À Dar-es-Salaam, elle a aidé huit femmes à lancer un atelier. Pas des promesses, mais des actions concrètes, ancrées dans le réel.
Un plaidoyer pour l’inclusion totale

« La reconstruction ne peut être fragmentaire. On ne soigne pas des blessures avec des mots seulement. », a-t-elle expliqué.
Pour Dolores, il est urgent de construire un écosystème de soutien global : des centres d’accueil, des soins, de la formation, mais aussi un changement de regard sur les survivantes. Elle appelle gouvernements, bailleurs et citoyens à une implication tangible.
« Une femme qui se relève, c’est une communauté entière qui se redresse avec elle», dit-elle.
Elle rappelle aussi que les victimes ne sont pas toutes des femmes. Les hommes mutilés, les pères brisés, les enfants soldats doivent également être inclus dans les efforts de reconstruction.
« La violence n’a pas de genre. C’est toute la société qui doit guérir», dit-elle.
Briser le silence, un acte de paix et de justice

« Briser le silence est un acte de paix.

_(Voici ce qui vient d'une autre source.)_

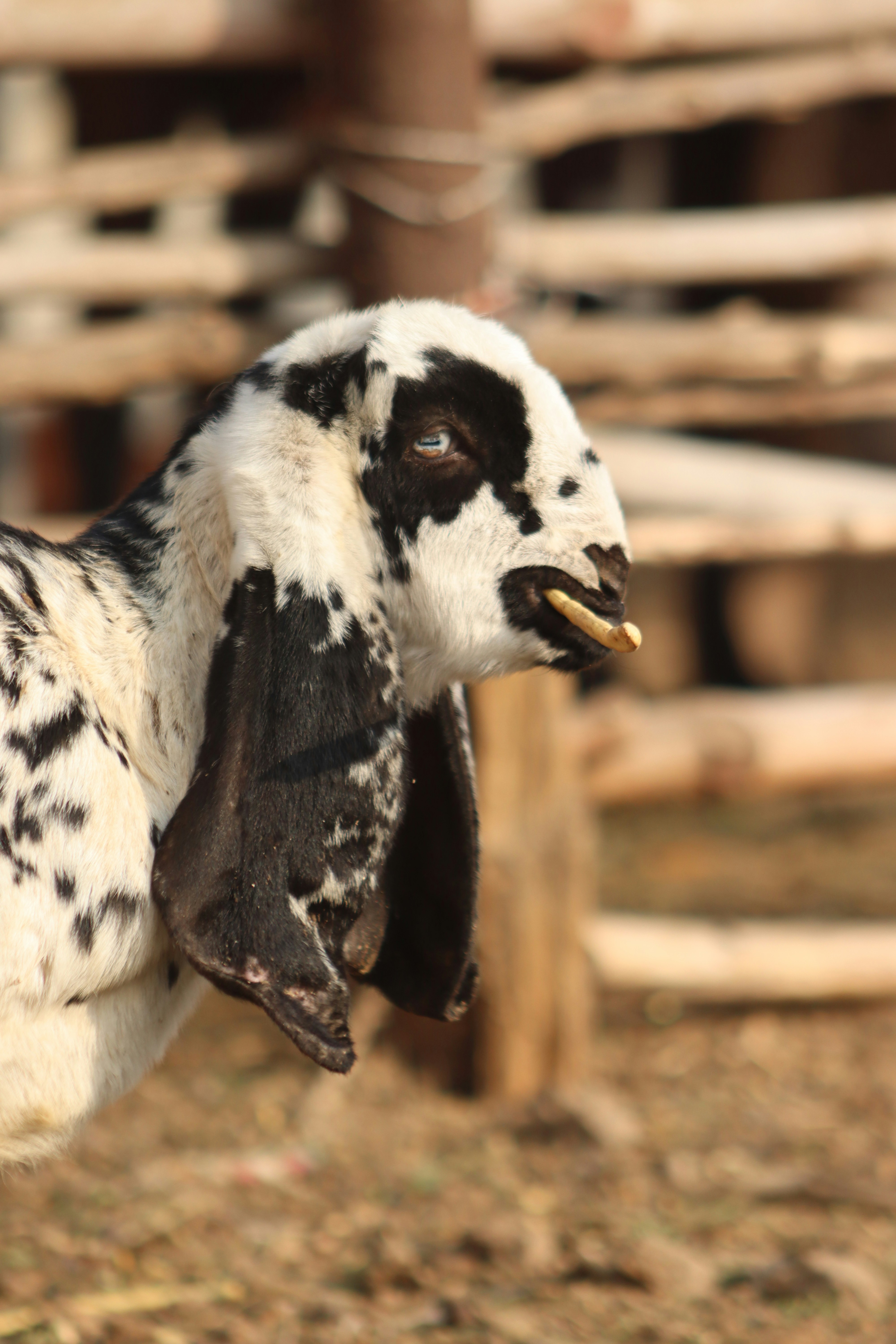 Photo by drphotographer152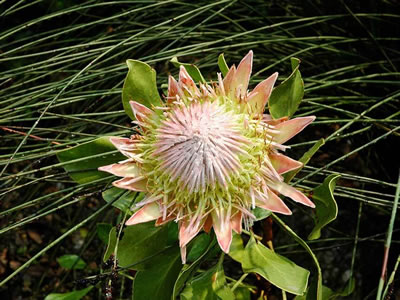 Protea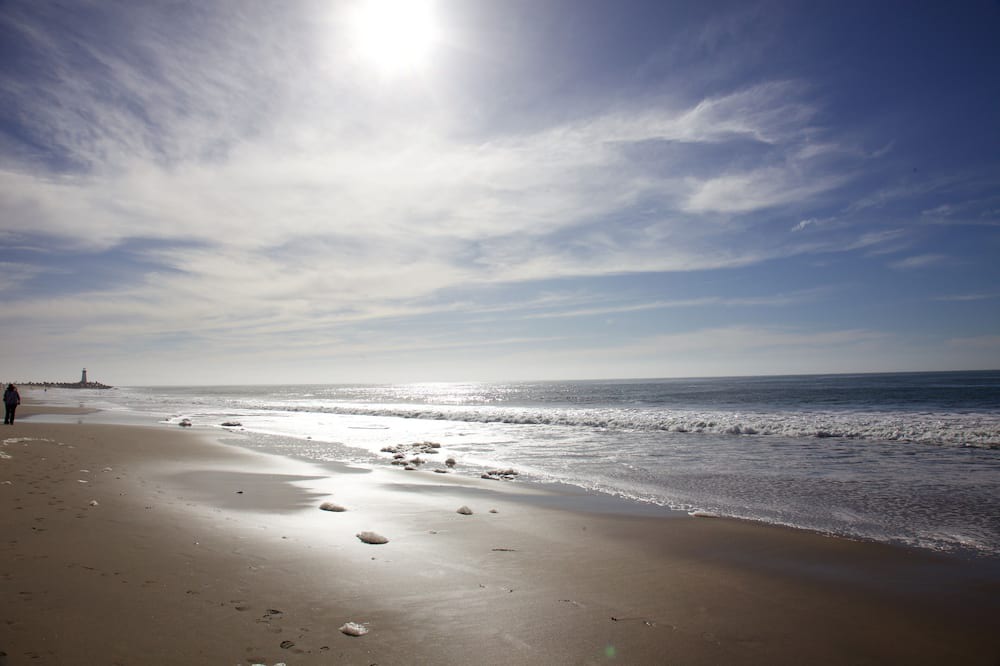 Photo of Others in Seabright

C’est un acte politique. C’est un acte d’amour», a-t-elle ajouté.
Chaque mot posé, chaque vérité énoncée, ouvre un chemin vers la guérison collective. Dolores tend la main à toutes celles qu’on a laissées de côté, affirmant :
« La lumière jaillit dans la nuit la plus sombre. Je suis la preuve qu’on peut tomber et se relever. »
Des voix courageuses pour une paix durable

Sous la modération de la journaliste Christelle Mpongo, ce cinquième panel a été un moment de vérité brute. Pas de statistiques désincarnées, mais des récits vivants, incarnés, bouleversants.
Women UP, organisé par Le Zénith Magazine, est plus qu’un événement : c’est un espace de construction de paix à partir du vécu des femmes. Un lieu où elles exigent leur place dans les politiques de réparation, de prévention et de reconstruction.
Dolores Matumbu l’a rappelé avec force : les survivantes ne sont pas que des victimes. Elles sont bâtisseuses. Piliers. Phares dans la nuit. Des voix qu’on ne peut plus ignorer.